Required work — Below are the entries; return every line among them that holds the word "Used".

[Scraped caption text data]

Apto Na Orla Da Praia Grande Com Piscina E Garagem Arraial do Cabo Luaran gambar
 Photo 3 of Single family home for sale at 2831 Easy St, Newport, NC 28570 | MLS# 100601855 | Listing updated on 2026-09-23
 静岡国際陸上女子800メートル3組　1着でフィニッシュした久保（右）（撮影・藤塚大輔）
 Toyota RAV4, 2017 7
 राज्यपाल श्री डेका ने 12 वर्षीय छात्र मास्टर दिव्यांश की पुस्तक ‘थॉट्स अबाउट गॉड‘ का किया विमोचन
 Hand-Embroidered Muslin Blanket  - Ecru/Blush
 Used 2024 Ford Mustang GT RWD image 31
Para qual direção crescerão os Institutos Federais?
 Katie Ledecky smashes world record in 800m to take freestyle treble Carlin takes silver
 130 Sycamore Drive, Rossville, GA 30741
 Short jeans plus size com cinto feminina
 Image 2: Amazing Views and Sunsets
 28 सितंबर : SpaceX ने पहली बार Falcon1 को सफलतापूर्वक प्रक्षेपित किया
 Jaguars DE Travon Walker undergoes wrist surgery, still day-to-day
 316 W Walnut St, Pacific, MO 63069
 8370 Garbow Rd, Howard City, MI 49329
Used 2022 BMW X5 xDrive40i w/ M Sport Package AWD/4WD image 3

Your solution —
 Used 2024 Ford Mustang GT RWD image 31
Used 2022 BMW X5 xDrive40i w/ M Sport Package AWD/4WD image 3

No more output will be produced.